■ PROBLEM DESCRIPTION
The answer is to be an exact copy of the lines below running from the line with "Adult Chrome Red" down to the line with "Organized line of", both ends included, and nothing more.
--- RECORDS SHOWN Enclosed Below ---
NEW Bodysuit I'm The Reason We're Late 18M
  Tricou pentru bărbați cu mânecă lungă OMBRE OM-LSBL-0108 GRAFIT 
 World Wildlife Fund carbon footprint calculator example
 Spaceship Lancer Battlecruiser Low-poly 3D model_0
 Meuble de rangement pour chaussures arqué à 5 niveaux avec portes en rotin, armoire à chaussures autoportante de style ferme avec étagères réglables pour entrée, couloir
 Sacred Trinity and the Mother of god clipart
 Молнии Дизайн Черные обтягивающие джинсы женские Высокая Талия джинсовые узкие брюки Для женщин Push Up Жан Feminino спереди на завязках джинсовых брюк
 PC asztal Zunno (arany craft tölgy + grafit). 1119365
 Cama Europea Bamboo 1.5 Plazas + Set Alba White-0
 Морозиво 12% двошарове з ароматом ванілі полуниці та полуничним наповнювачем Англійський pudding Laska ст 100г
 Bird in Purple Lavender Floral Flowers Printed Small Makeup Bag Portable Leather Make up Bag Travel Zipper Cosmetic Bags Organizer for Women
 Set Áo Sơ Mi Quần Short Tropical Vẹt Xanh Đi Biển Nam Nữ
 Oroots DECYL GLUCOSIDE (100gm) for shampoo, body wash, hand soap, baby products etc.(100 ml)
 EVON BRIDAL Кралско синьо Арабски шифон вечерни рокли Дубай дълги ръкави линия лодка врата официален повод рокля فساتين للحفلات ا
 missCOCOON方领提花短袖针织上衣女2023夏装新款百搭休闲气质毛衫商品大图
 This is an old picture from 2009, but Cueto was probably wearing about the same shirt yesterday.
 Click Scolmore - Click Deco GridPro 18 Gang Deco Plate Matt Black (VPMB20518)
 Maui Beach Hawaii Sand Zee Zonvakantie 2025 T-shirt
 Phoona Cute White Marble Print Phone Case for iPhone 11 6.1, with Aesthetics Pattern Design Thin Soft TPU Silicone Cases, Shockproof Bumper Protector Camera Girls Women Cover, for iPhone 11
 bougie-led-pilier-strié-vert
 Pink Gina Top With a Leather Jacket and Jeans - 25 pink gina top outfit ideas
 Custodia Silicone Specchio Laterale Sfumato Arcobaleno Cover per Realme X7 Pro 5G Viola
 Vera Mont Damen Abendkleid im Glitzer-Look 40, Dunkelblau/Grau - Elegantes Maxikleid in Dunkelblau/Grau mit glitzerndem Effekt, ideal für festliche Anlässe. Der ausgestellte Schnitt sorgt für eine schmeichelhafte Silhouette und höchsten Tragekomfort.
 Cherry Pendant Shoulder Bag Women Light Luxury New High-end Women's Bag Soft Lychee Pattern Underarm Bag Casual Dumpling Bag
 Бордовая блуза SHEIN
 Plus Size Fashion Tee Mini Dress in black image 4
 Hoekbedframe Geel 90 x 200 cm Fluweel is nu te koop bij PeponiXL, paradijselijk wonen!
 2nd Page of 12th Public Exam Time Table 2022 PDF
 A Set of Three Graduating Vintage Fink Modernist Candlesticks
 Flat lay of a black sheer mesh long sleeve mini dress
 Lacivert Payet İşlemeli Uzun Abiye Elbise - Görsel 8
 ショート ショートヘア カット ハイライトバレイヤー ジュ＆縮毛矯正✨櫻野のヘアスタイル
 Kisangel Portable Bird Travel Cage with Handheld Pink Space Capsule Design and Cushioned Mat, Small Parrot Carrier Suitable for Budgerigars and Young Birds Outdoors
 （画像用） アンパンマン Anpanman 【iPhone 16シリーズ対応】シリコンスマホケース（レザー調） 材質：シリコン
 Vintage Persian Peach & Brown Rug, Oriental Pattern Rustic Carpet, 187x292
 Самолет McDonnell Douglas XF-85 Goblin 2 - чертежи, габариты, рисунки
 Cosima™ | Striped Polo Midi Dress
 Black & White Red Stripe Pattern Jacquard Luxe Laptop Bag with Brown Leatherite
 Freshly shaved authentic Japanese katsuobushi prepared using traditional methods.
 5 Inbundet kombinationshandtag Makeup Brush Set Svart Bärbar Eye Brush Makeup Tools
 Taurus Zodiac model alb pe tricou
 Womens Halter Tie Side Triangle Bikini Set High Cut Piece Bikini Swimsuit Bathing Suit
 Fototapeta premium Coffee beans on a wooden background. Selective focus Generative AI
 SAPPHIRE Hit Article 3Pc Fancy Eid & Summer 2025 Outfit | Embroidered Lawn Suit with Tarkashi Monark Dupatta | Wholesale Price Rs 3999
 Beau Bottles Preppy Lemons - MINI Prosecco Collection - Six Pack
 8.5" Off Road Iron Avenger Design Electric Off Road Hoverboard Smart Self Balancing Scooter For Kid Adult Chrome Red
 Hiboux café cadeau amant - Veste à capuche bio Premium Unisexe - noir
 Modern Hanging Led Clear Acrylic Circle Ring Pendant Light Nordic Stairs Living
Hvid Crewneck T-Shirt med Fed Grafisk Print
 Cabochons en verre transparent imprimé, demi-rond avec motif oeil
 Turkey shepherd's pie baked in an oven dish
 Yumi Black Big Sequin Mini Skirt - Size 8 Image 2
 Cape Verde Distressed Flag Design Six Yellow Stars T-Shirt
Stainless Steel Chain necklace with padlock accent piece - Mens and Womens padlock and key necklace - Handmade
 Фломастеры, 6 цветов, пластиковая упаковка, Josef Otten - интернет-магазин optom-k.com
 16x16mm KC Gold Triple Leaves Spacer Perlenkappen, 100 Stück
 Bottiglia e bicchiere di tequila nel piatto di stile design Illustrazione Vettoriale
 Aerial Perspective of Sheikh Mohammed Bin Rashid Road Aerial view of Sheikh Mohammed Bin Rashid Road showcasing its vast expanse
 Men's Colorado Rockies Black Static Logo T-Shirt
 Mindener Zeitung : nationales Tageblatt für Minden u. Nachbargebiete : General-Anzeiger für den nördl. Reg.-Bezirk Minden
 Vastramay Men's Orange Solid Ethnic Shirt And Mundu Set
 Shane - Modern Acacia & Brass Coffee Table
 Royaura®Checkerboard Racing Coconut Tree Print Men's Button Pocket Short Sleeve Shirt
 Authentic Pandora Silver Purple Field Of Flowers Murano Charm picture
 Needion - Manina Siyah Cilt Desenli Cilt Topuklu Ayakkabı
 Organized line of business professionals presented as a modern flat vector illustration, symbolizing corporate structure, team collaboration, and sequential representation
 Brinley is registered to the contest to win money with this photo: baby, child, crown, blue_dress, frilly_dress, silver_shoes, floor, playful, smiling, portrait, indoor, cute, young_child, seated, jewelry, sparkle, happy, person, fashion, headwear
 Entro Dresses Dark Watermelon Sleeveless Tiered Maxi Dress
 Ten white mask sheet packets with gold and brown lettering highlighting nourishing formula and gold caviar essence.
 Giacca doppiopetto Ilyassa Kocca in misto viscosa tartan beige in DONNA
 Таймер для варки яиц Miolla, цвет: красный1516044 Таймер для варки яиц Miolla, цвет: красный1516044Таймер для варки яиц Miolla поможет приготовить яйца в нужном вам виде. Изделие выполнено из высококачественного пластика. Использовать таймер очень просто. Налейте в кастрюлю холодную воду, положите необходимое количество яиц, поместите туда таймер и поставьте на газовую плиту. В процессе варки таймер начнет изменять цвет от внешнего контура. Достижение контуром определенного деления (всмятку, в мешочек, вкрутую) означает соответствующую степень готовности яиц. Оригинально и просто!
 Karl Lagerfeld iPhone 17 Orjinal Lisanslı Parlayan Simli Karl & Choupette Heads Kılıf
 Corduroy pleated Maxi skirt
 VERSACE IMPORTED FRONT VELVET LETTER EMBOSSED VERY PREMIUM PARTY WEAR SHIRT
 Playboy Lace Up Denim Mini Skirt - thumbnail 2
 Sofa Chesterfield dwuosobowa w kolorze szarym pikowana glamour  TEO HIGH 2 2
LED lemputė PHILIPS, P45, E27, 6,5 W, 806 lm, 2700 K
--- End of Enclosed RECORDS SHOWN ---
■ EXPECTED ANSWER
 8.5" Off Road Iron Avenger Design Electric Off Road Hoverboard Smart Self Balancing Scooter For Kid Adult Chrome Red
 Hiboux café cadeau amant - Veste à capuche bio Premium Unisexe - noir
 Modern Hanging Led Clear Acrylic Circle Ring Pendant Light Nordic Stairs Living
Hvid Crewneck T-Shirt med Fed Grafisk Print
 Cabochons en verre transparent imprimé, demi-rond avec motif oeil
 Turkey shepherd's pie baked in an oven dish
 Yumi Black Big Sequin Mini Skirt - Size 8 Image 2
 Cape Verde Distressed Flag Design Six Yellow Stars T-Shirt
Stainless Steel Chain necklace with padlock accent piece - Mens and Womens padlock and key necklace - Handmade
 Фломастеры, 6 цветов, пластиковая упаковка, Josef Otten - интернет-магазин optom-k.com
 16x16mm KC Gold Triple Leaves Spacer Perlenkappen, 100 Stück
 Bottiglia e bicchiere di tequila nel piatto di stile design Illustrazione Vettoriale
 Aerial Perspective of Sheikh Mohammed Bin Rashid Road Aerial view of Sheikh Mohammed Bin Rashid Road showcasing its vast expanse
 Men's Colorado Rockies Black Static Logo T-Shirt
 Mindener Zeitung : nationales Tageblatt für Minden u. Nachbargebiete : General-Anzeiger für den nördl. Reg.-Bezirk Minden
 Vastramay Men's Orange Solid Ethnic Shirt And Mundu Set
 Shane - Modern Acacia & Brass Coffee Table
 Royaura®Checkerboard Racing Coconut Tree Print Men's Button Pocket Short Sleeve Shirt
 Authentic Pandora Silver Purple Field Of Flowers Murano Charm picture
 Needion - Manina Siyah Cilt Desenli Cilt Topuklu Ayakkabı
 Organized line of business professionals presented as a modern flat vector illustration, symbolizing corporate structure, team collaboration, and sequential representation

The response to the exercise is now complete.